In the summer of 2011, I completed and launched the sailing version of Karen Ann, my Goat Island Skiff. This was the culmination of a rather long and drawn-out building project that saw me go from, "I can't build a boat" to "I built a boat!" At the beginning of that project I was convinced that, despite words of wisdom from those who knew better, the Goat Island Skiff was the one and only boat I would build. That resolve was short-lived (I was looking at the "next" boat plans within three months of starting work on the GIS).
In July of 2011, I took Karen Ann to Cedarville on Michigan's Upper Peninsula for a sailing vacation with my sister's family and Wildcat, their Compac Picnic Cat sailboat. With a few 'new boat' rigging issues to be resolved, I did not sail Karen Ann as much as I might have during that vacation. But, I sailed her enough to realize the Goat Island Skiff is not the camp-cruising boat for me. I dearly love the GIS for daysailing and round-the-bouys racing - but I wanted something different for a camp-cruising boat - something heavier and more stable. Although I had sailed on Wildcat before, I had not sailed her enough to truly appreciate her capabilities. During an expedition sail (five adults and assorted gear for a full-day's outing) in strong winds, I realized that Wildcat's hull design - deep, full and (relatively) heavy - was what I wanted for a camp-cruising boaat. I set about looking for a design I could build with a hull similar to Wildcat's.
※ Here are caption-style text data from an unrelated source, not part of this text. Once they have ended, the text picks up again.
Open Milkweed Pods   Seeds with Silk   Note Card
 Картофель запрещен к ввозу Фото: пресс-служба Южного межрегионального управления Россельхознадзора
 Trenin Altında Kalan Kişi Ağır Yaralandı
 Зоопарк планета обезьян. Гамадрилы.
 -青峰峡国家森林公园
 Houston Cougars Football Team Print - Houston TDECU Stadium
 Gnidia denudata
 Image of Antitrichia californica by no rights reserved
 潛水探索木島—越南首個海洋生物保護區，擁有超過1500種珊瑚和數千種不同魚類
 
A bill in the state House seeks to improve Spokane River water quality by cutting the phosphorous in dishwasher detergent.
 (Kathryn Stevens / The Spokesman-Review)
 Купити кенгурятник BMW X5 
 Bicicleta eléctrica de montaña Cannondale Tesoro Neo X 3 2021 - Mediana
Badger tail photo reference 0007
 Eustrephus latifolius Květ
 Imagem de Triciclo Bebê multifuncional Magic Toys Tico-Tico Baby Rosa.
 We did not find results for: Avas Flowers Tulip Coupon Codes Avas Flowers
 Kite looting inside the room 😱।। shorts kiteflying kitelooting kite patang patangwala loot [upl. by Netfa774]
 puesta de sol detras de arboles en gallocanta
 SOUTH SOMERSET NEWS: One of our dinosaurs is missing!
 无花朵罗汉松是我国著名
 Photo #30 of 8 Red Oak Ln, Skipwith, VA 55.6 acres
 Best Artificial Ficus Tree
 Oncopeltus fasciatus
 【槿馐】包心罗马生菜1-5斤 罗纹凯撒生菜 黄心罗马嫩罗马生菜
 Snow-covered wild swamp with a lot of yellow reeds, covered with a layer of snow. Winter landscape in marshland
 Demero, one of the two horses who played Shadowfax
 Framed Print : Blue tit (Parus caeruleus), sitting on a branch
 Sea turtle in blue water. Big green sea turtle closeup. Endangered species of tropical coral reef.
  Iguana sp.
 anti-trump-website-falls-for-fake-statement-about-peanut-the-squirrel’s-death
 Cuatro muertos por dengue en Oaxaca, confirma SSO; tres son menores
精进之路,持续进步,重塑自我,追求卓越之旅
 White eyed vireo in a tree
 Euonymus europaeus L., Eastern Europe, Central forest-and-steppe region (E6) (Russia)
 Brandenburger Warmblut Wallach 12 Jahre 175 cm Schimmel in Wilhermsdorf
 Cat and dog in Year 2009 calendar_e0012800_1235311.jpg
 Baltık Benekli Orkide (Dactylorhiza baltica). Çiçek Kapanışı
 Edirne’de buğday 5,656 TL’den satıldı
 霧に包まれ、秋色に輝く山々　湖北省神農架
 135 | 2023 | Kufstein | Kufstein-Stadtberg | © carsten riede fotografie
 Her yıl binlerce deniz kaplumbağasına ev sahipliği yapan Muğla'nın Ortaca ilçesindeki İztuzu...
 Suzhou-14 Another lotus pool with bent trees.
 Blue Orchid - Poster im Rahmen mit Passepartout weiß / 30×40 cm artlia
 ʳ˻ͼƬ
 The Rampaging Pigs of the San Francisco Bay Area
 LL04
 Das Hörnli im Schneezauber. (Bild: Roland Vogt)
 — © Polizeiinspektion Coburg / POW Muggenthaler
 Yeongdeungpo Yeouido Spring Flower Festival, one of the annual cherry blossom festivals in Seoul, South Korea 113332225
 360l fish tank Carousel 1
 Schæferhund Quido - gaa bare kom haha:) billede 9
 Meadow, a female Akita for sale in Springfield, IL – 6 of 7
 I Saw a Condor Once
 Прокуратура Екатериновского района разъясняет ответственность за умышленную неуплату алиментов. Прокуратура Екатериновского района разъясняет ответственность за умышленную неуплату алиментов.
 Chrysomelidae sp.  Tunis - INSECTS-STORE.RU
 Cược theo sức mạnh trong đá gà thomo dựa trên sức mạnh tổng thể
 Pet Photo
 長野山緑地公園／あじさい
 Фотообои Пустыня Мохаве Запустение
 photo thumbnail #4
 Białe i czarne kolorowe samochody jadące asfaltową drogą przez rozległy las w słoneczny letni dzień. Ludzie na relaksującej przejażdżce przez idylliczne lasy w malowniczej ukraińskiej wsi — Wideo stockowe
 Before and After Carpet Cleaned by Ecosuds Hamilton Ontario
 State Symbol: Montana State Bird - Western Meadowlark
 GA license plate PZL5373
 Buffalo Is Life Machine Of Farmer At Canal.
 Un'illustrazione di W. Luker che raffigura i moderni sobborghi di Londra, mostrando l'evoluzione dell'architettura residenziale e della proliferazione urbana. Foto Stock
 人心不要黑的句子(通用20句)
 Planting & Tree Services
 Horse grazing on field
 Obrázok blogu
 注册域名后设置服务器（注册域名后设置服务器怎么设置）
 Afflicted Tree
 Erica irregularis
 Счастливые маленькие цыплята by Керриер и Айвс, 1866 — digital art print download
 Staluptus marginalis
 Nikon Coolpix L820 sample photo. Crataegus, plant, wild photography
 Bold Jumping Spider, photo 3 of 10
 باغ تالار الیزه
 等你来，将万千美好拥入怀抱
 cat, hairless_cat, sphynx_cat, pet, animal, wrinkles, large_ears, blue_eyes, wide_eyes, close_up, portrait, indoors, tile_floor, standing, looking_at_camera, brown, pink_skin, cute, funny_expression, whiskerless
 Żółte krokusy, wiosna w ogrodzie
What I found, among others, was John Welsford's Navigator and Pathfinder designs. After much deliberation, reviewing the study plans for both designs and looking at everything I could find regarding these two designs, I decided the Navigator is too small for what I want (a camp-cruiser large enough to sleep aboard if shore-side camping is not available). Oh, yes, sleeping space can be created aboard a Navigator by using extra boards but I did not want to do that unless absolutely necessary. Pathfinder solves this concern by having a large flat forward cockpit - ideal as a sleep platform without the need for extra boards. Now, there may be a false economy in this reasoning as the Pathfinder is three feet longer than the Navigator (considerably more material goes into those three feet than would be needed for extra boards for a sleep platform on the Navigator) but here is that 'heart-throb' element of boat design at work: the Pathfinder 'speaks' to me in ways the Navigator does not.
I ordered the Pathfinder plans in August 2011, and began preparations for building my Pathfinder.